Embora tenha desvinculado o governo dos termos usados pelo “filho 03”. Resultado: a oferta de mediação feita pelo chanceler foi recusada. Na última nota, a embaixada da China insistiu: é Eduardo quem deve desculpas.
Gol contra
O contraste entre o tom do Itamaraty e o de outros polos de autoridade expõe a fratura entre uma parcela ponderável do establishment político e o presidente, no desafio crucial do coronavírus. Os presidentes das duas casas do Congresso e do Supremo Tribunal Federal tuitaram apresentando desculpas à China, em nome do Brasil. Líderes do agronegócio classificaram o episódio como um gol contra, desnecessário e inoportuno.
Bola na área
Em movimento frontalmente contrário ao do Planalto e do Itamaraty, o governador Ibaneis Rocha dirigiu-se ao embaixador chinês com um pedido de cooperação.
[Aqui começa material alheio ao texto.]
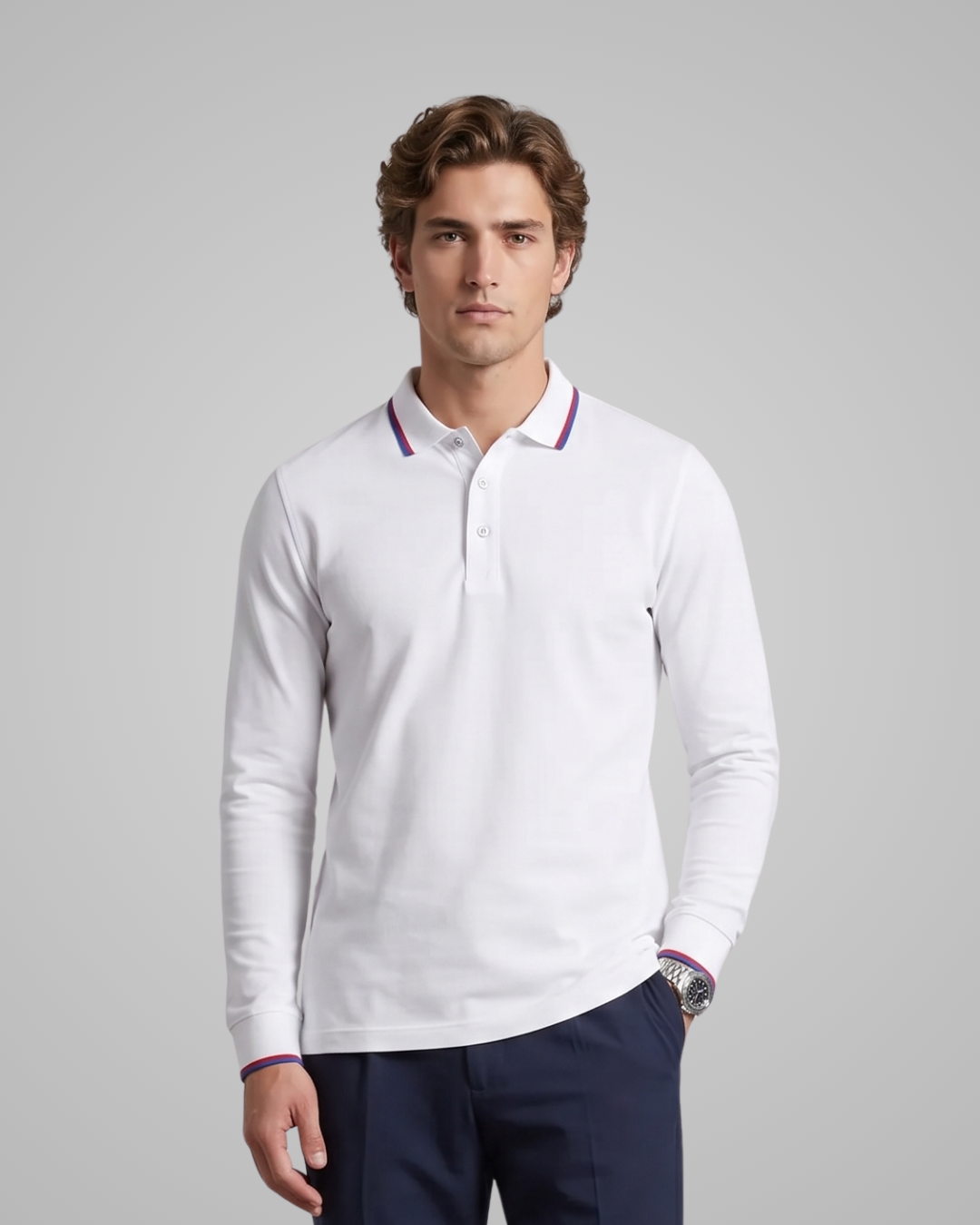 Man wearing a white long-sleeve polo shirt with purple accents on a gray background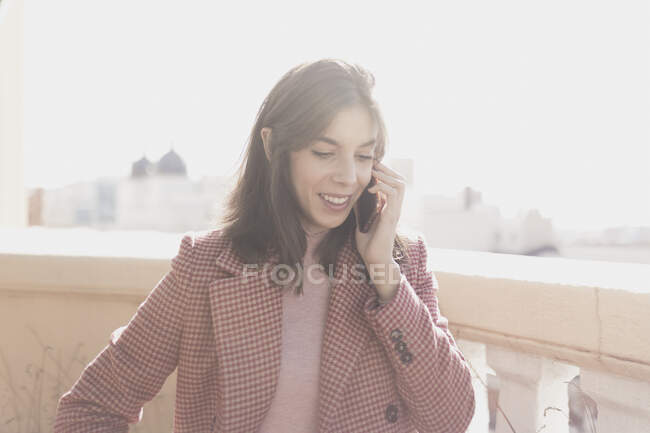 Jeune dame élégante avec la main sur la hanche parler sur le téléphone mobile sur le balcon dans la journée ensoleillée — Photo de stock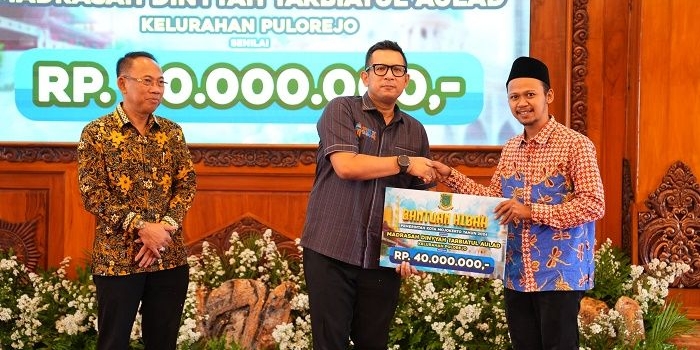 Pj Wali Kota Mojokerto Moh Ali Kuncoro menyerahkan dana hibah secara simbolis didampingi sekretaris daerah.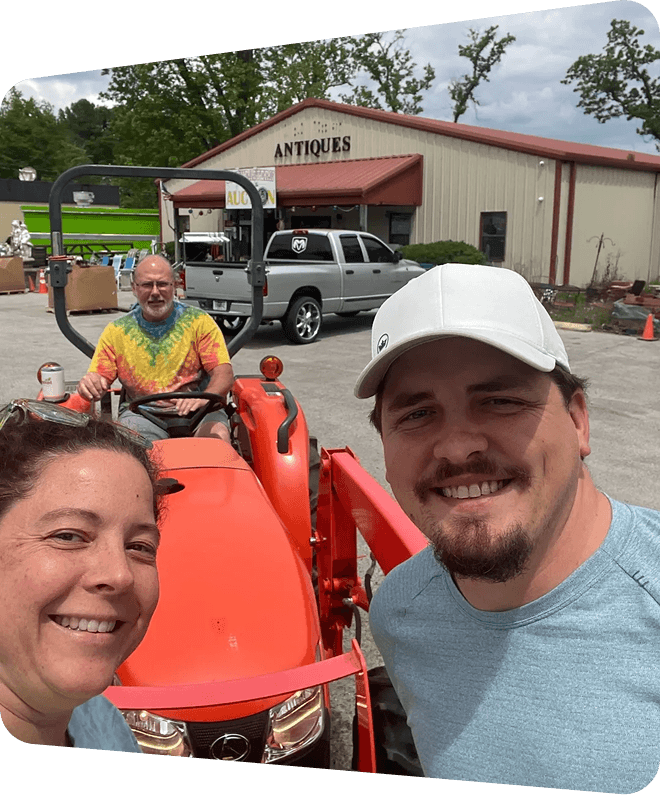People posing with a tractor at antiques shop.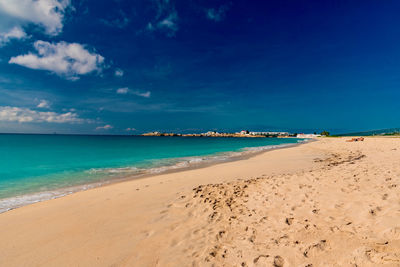 Scenic view of beach against blue sky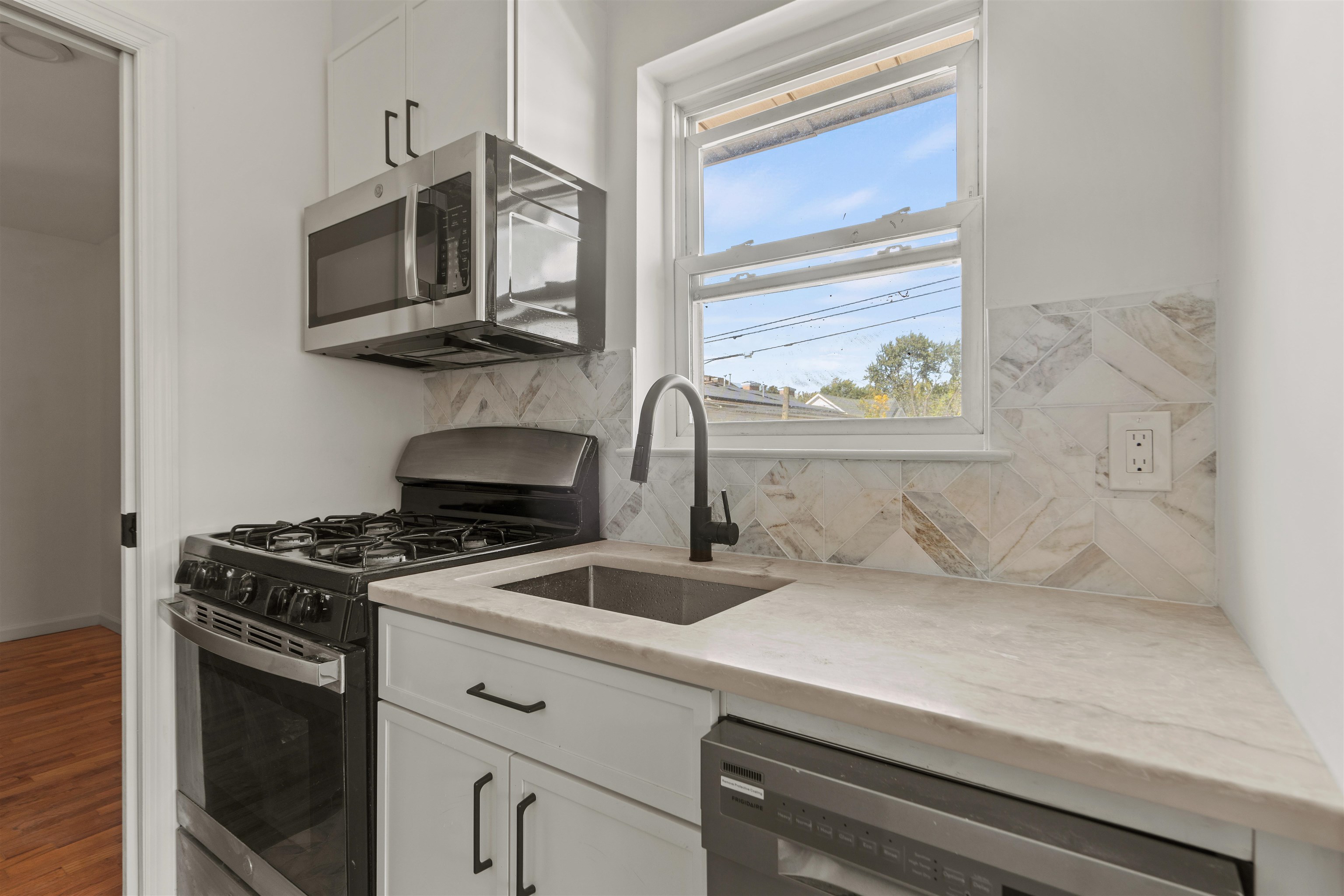 a kitchen with stainless steel appliances a stove and a microwave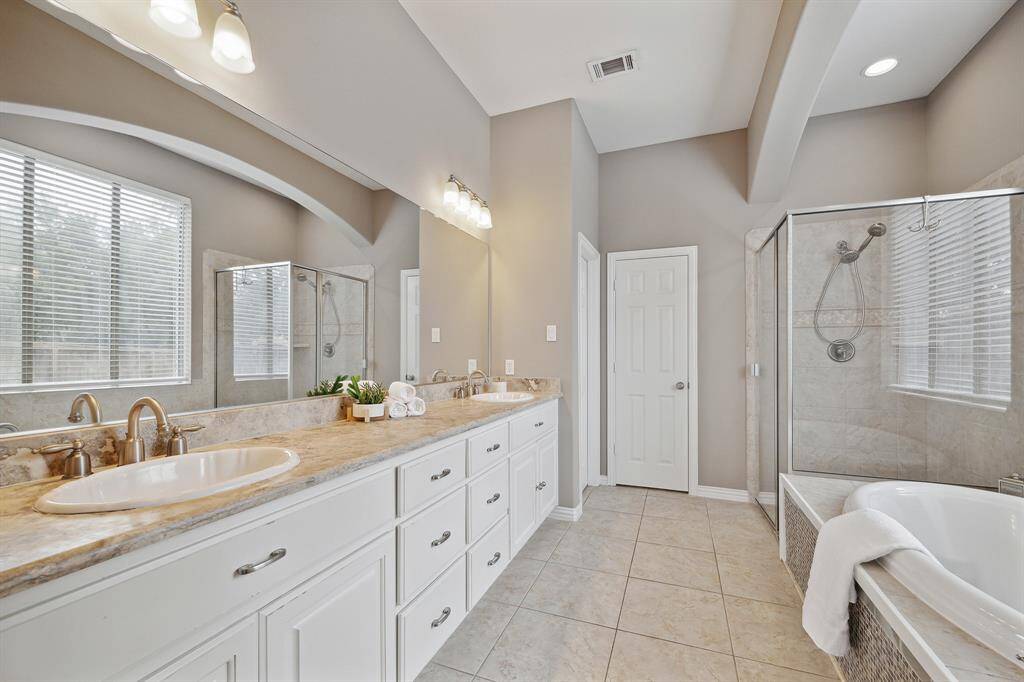 Ensuite Primary Bathroom with double sinks, separate shower and soaking tub.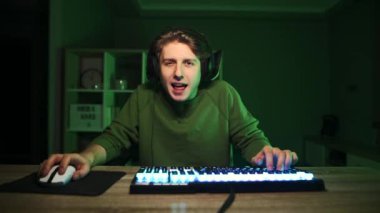 Neşeli adam yeşil ışıkta bilgisayarda oyun oynuyor ve yüzünde bir gülümsemeyle iyi bir hareket sergiliyor..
Invocou a experiência adquirida pelo país no combate à epidemia e sondou o envio de especialistas e equipamentos para o DF, cuja vocação natural expõe ao contágio.
Se oriente, rapaz
Um diplomata asiático com experiência em Brasília observou na ação — que considera “imprudente” — do governo brasileiro diante do mal-estar com a China a expressão de um descompasso entre gerações. Assim como os vizinhos Coreia e Japão, ou civilizações com a antiguidade da indiana e da persa, a China tem milênios de janela na arte da diplomacia. Seu olhar para o mundo alcança as curvas do horizonte, que desmentem a Terra plana, e as dobras de uma história secular.
Na vitrine
A crise do coronavírus testa a nossa diplomacia em outra frente na qual nos falta o exercício mais habitual. A explosão do contágio na Europa surpreendeu um número considerável de brasileiros em viagens de turismo. E, por alguns dias, a mídia exibiu relatos e apelos dramáticos pela repatriação.
Muitos desses cidadãos estão retornando neste fim de semana. Fruto da ação quase anônima da diplomacia profissional, cotidiana e prática.